== Problem description ==
An exact transcription is needed of the lines below from the one with "This is a golf" through the one with "So now we will", with no other lines and no pictures.

== Material supplied ==
━━━
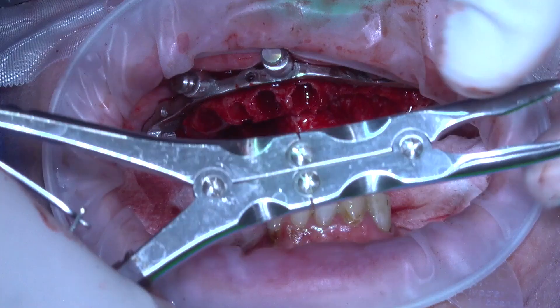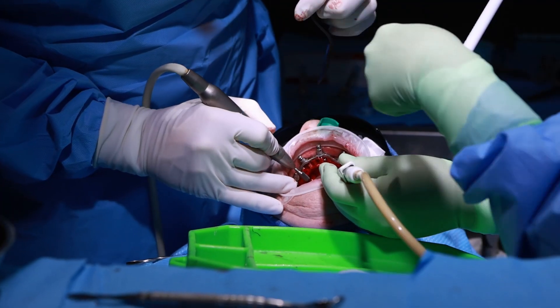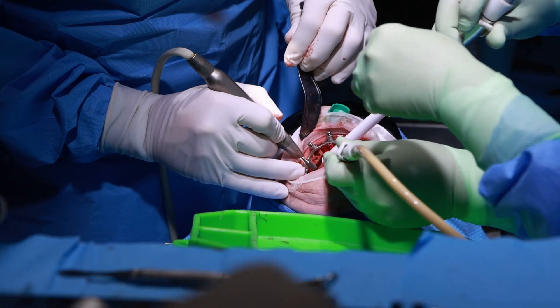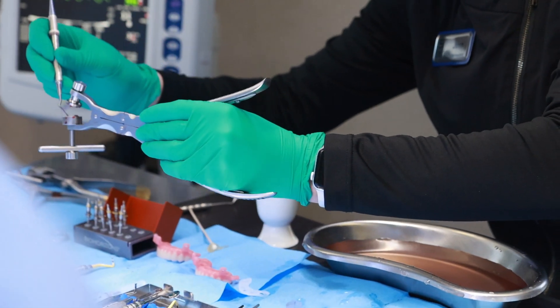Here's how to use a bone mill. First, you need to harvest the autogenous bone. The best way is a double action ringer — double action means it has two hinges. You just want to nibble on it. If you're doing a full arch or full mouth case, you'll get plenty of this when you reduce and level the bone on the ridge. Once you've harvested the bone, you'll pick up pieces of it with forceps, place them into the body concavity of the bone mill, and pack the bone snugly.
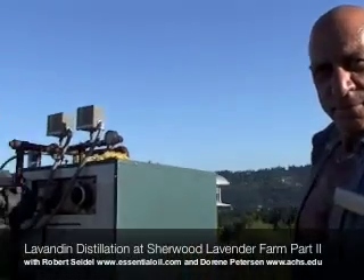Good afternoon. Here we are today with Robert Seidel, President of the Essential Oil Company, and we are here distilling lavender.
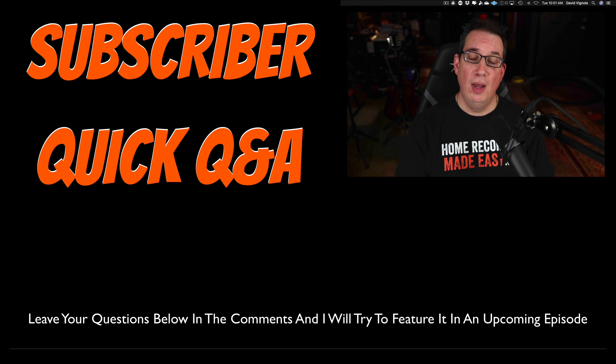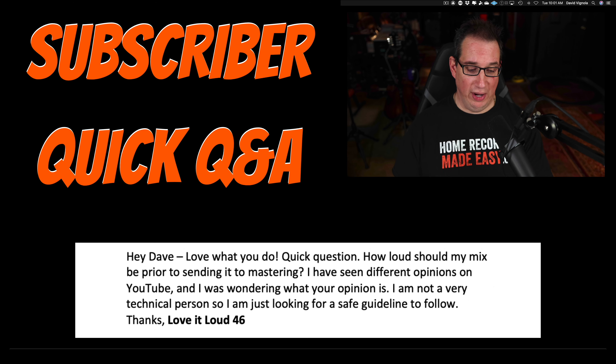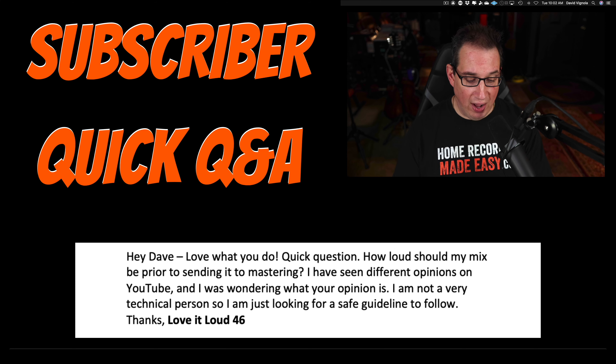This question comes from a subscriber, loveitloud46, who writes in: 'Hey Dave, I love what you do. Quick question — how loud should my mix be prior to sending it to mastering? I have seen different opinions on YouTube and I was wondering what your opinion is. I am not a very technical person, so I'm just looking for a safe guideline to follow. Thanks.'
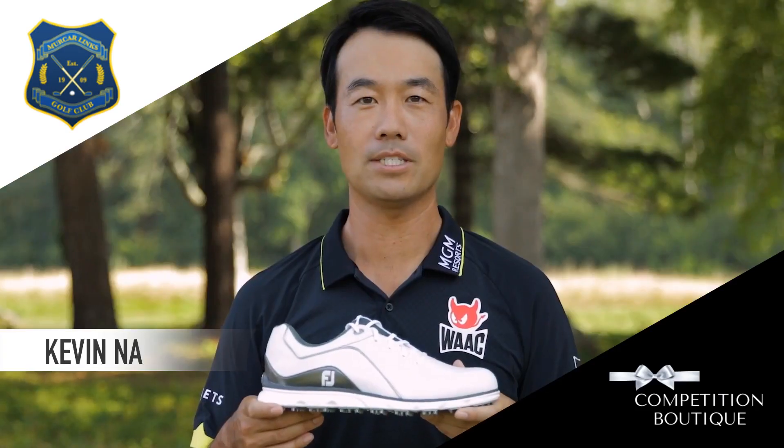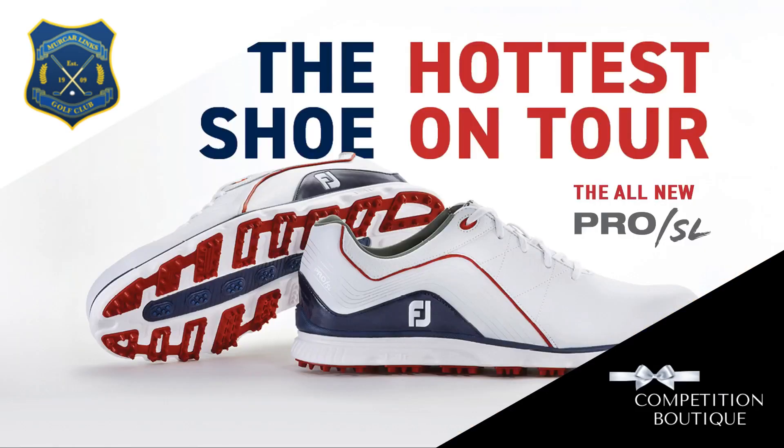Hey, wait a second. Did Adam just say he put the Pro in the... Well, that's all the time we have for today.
━━━
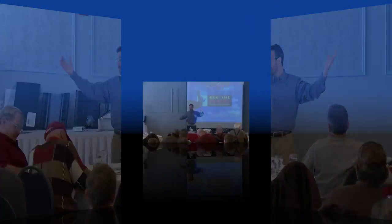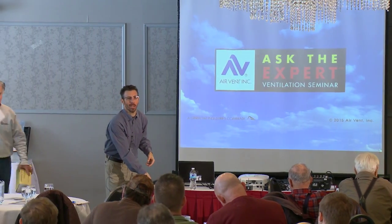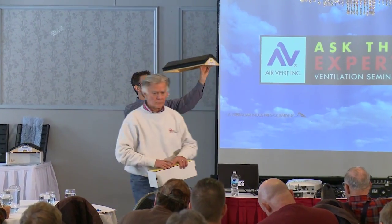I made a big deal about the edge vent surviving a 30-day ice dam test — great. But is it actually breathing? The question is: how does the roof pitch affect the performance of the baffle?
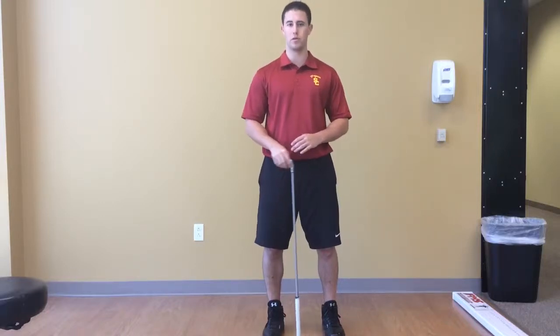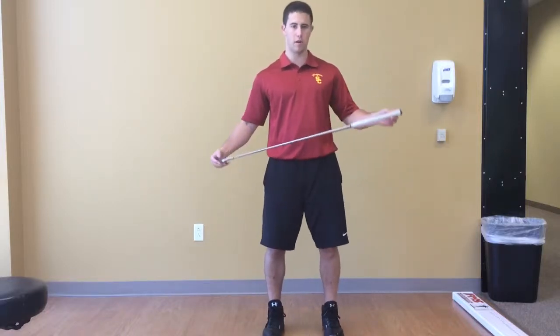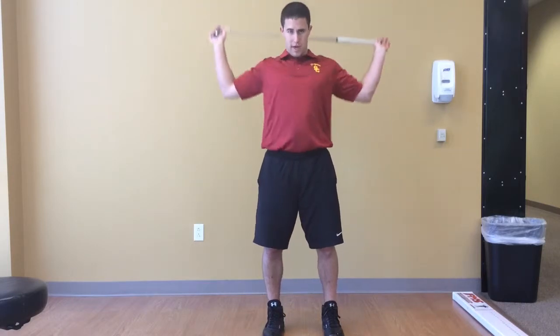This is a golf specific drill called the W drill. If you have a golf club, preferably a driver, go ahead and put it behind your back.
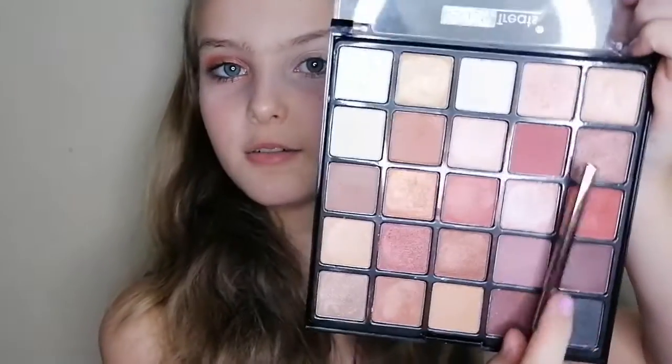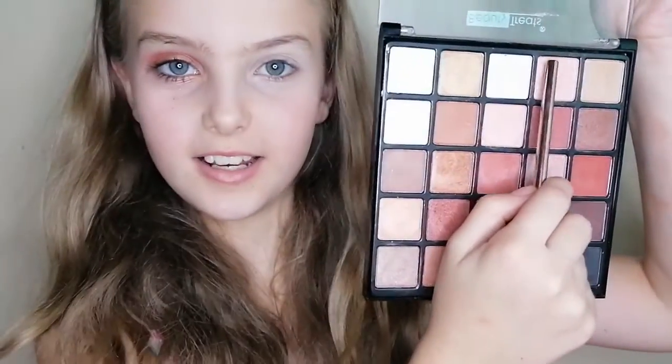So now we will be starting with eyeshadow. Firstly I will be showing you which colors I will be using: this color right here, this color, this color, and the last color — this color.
━━━
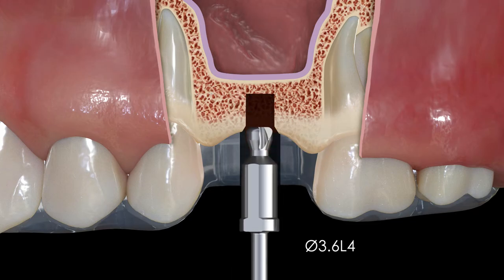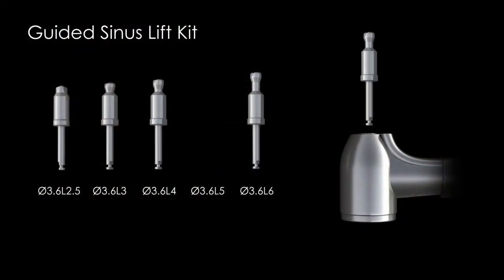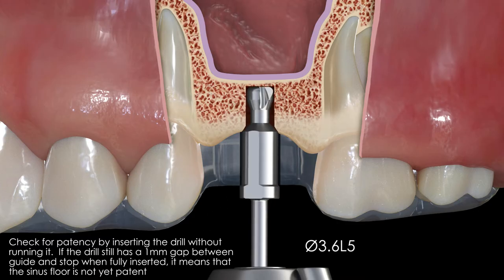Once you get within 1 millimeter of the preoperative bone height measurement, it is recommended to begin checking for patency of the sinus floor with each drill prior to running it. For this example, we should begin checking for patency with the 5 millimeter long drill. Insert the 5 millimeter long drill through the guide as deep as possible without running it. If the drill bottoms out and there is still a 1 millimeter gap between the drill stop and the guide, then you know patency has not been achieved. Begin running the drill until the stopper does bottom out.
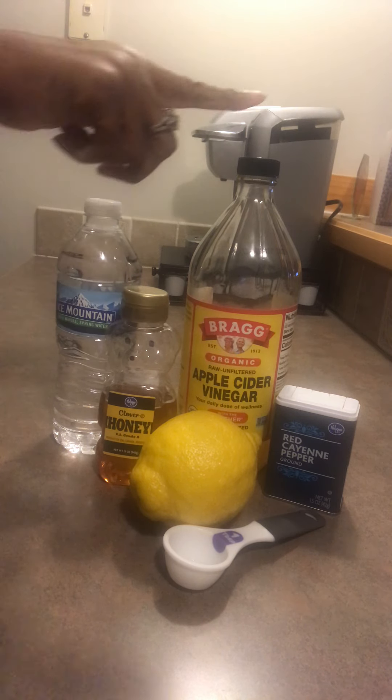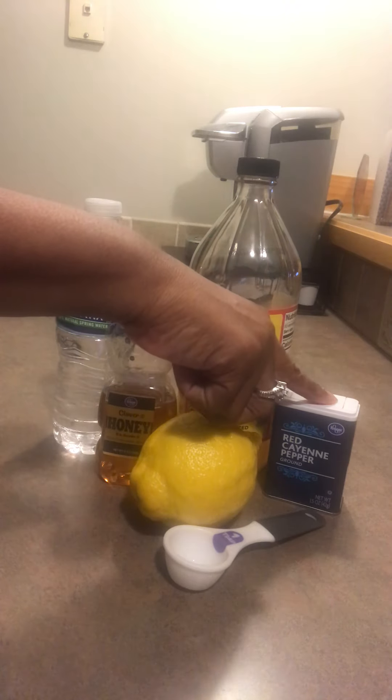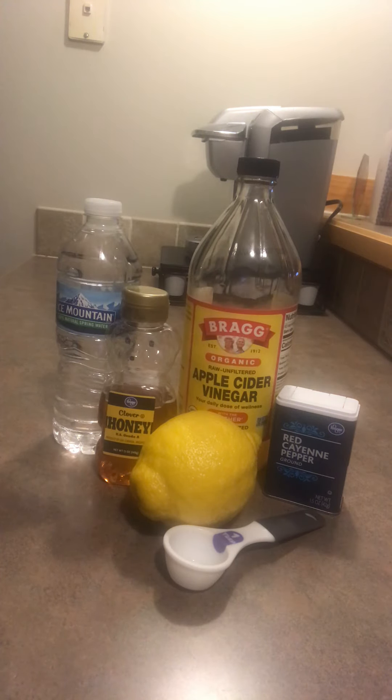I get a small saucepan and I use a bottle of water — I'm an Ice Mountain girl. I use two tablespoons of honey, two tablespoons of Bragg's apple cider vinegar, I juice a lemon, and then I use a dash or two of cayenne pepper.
━━━
== Answer section ==
This is a golf specific drill called the W drill. If you have a golf club, preferably a driver, go ahead and put it behind your back.
So now we will be starting with eyeshadow. Firstly I will be showing you which colors I will be using: this color right here, this color, this color, and the last color — this color.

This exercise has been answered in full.